There is actually a great writeup about this titled Blond Thor - Stan Lee Wasn't Wrong.
It can be noted that Stan Lee and Jack Kirby apparently did consider the red haired, bearded design and decided against it.
In an issue of The Jack Kirby Collector, Stan Lee says
“Before starting the series, we stuffed ourselves to the gills with Norse mythology, as well as almost every other type of mythology – we love it all! But you’ve got to remember that these are legendary tales – myths – and no two versions are ever exactly the same. We changed a lot of things – for example, in most of the myths Thor has red hair, Odin has one eye, etc. But we preferred doing our own version.”
The article delves into why Thor is said to have had red hair and a beard. Their findings were surprising.

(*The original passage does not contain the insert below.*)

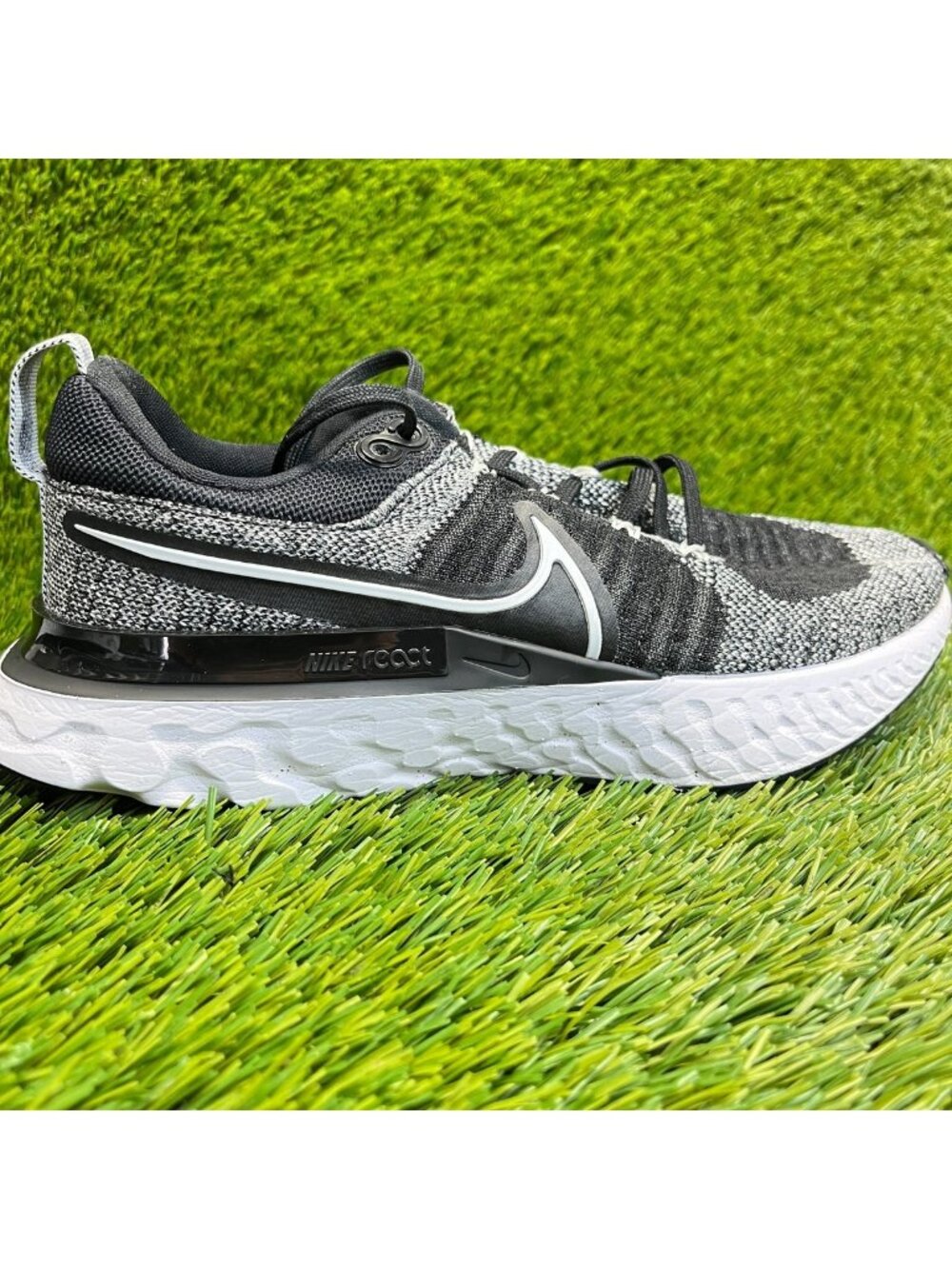 Nike React Infinity Run Flyknit 2 Womens Size 7 Black Running Shoes Sneakers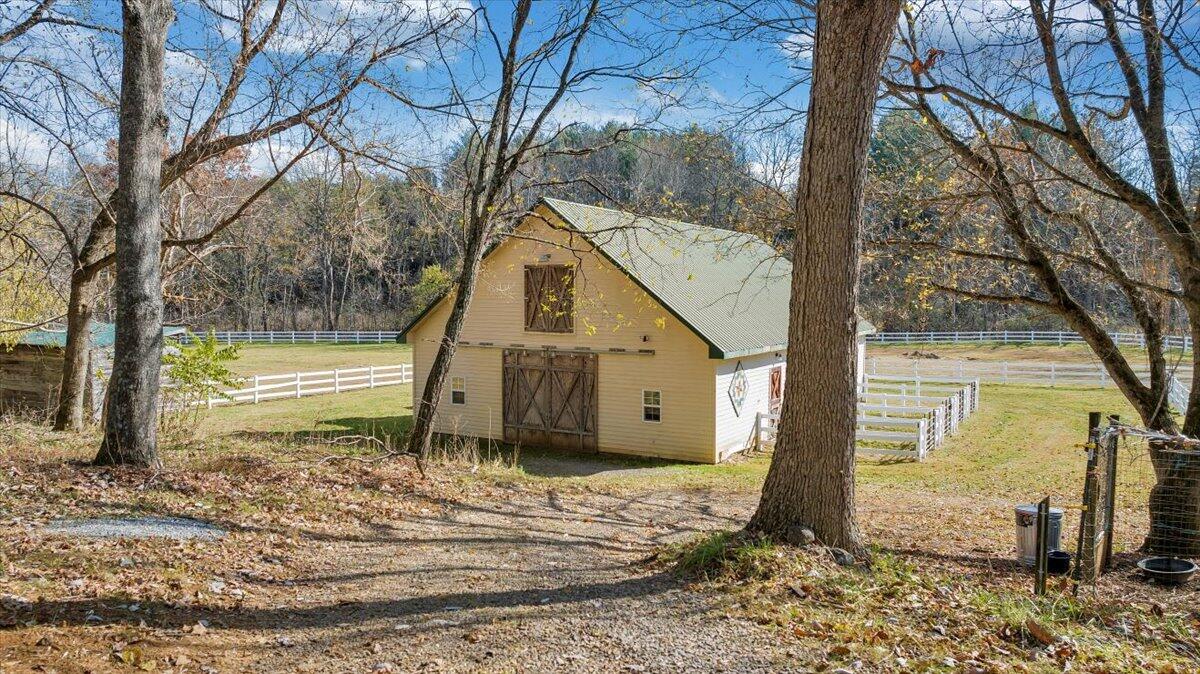 7758 Old Fincastle RD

I don't want to copy/paste too much, but the TL;DR of it is that when they started looking into it, the very early texts said that he had either red or blonde hair depending on your interpretation of the material. Those early texts also waffled on whether or not he had a beard at all. It wasn't until much later (we're talking 300-400 years) that he was "definitively" red-headed. So, making him blonde and without a beard actually harkens back to what may have been his earliest depiction.
Much of the blonde design may actually stem from Steve Ditko's (a friend and co-worker of Stan Lee) earlier work on a comic called "The Hammer of Thor" for Charlton Comics. Here it was a young, blonde and beardless viking who happened to find Thor's hammer.

Donald Blake's discovery of the cane which magically transforms into Thor's hammer in Marvel's Journey Into Mystery is incredibly similar.